The term safe sex became ubiquitous and nowhere was that more apparent then in online profiles. For over twenty years it was a way for men to indicate that they wanted to use a condom. Often the phrase was a visual representation of the adopting of a community norm, presenting the image of the good little gay boy, whether or not condoms were actually used.

Poz men had a particularly unique relationship to safe sex because we were no longer worried about getting HIV and many of us were having sex with other poz men. Often an unspoken principle of safe sex was avoiding sex with HIV positive people. Sex with poz guys seemed, to many, like the most dangerous thing a person could do. Now the science is overwhelmingly clear. Sex with an HIV-positive person with an undetectable viral load is one of least risky things one can do.

HIV prevention has fundamentally changed. It isn't just about condoms. In my work as director of health innovation at Hornet, I see how men are choosing all sorts of different ways to prevent HIV. But when I see a profile on an app that says someone is into "safe sex," I have no idea what they mean.

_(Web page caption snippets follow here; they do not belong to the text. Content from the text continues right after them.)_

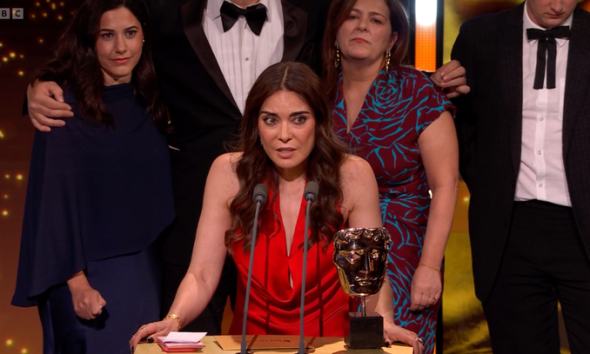 Ramita Navai accepting the TV Bafta on Sunday night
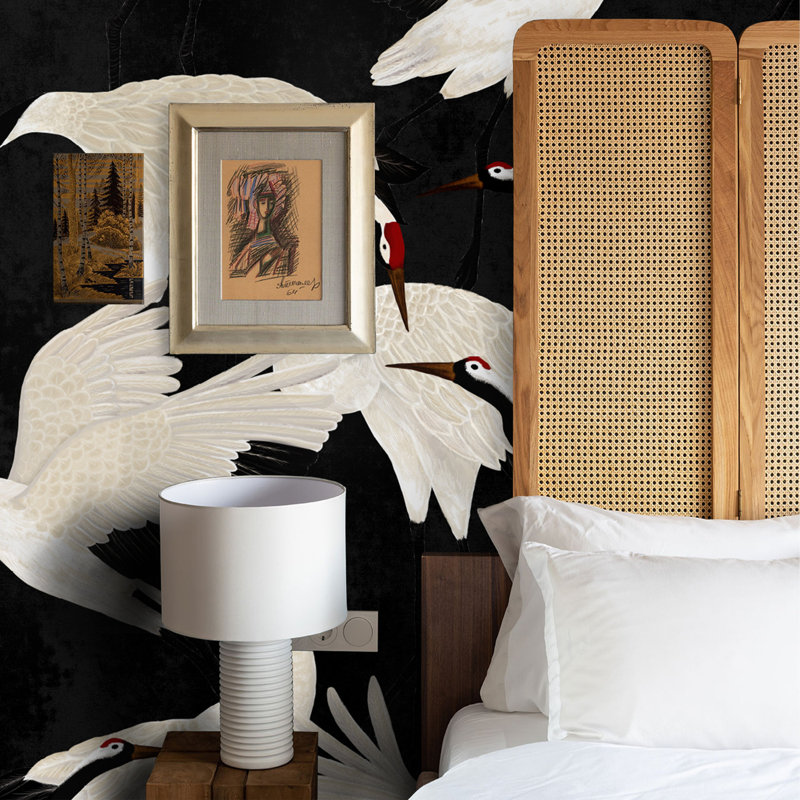 Black Herons Chinoiserie Wallpaper White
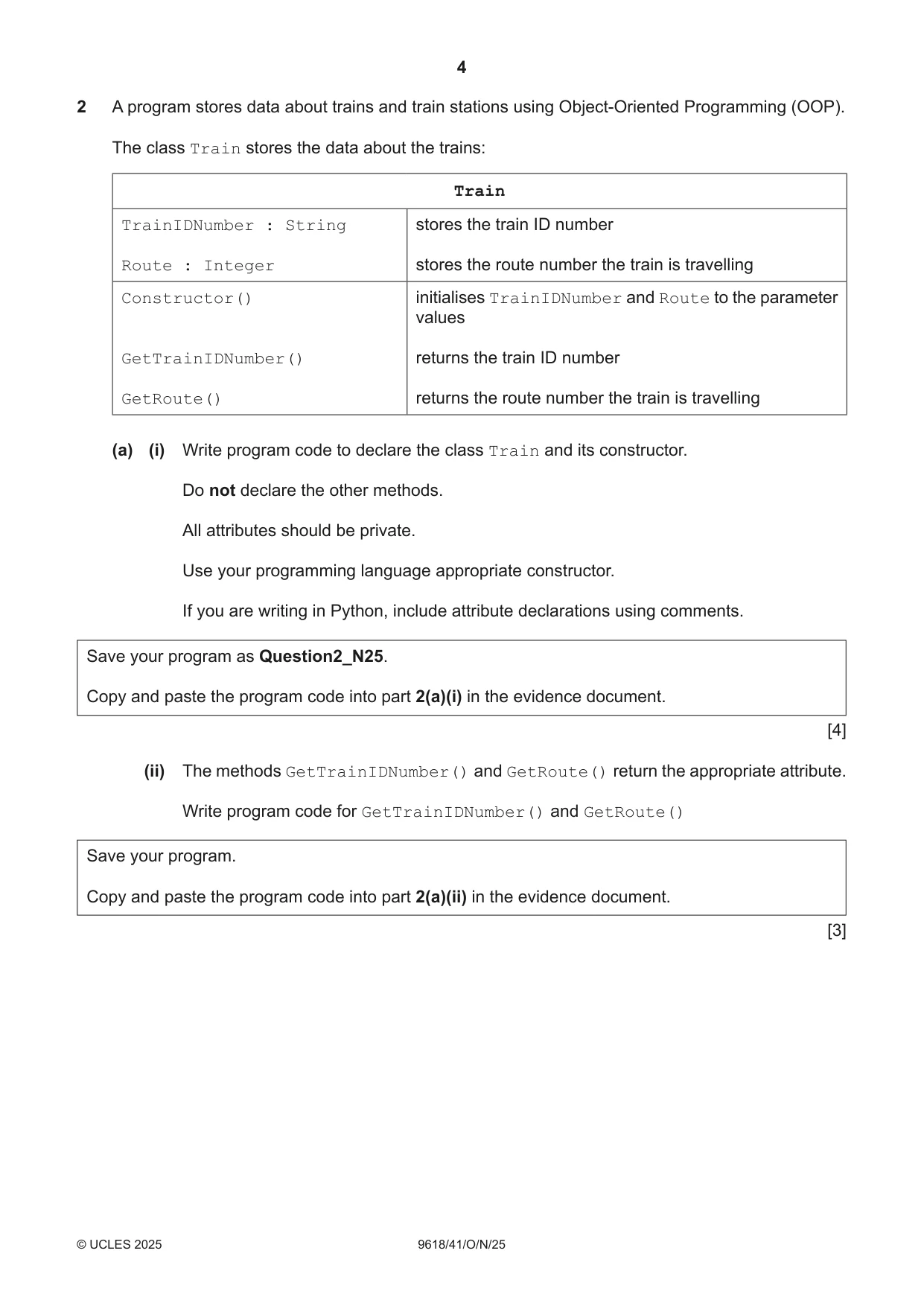 Cambridge A Level Computer Science 9618 2025 Oct/Nov Paper 4 · Variant 1 question paper, page 4 of 12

Do they mean condoms? Do they mean PrEP, undetectable, strategic positioning, or some combination? The term alone doesn't add much useful information about the sex they are looking to engage in. It seems to have become mere profile filler.

But if the terms safe sex has lost all meaning it shouldn't be a cause for alarm. It should be seen as an opportunity to shift the conversation away from safety and responsibility and instead talk about pleasure and desire.

What if risk was simply seen as incidental to our sex, as it has always been? Finding gay sex has meant risking violence, arrest, or exposure. What would it look like if our first question wasn't about safety but about pleasure? What if it was less about disclosing statuses and more about disclosing desires? What if it was simply about a meaningful connection between men?

Our community would look radically different if we invested as much in sexual exploration and empowerment as we did in risk mitigation. We are at a pivotal moment in our history where we might just be able to breathe life back into that long dormant sexual revolution from years past. Maybe gay men have finally reached a point when we can stop asking how safe sex is and start asking how good it is.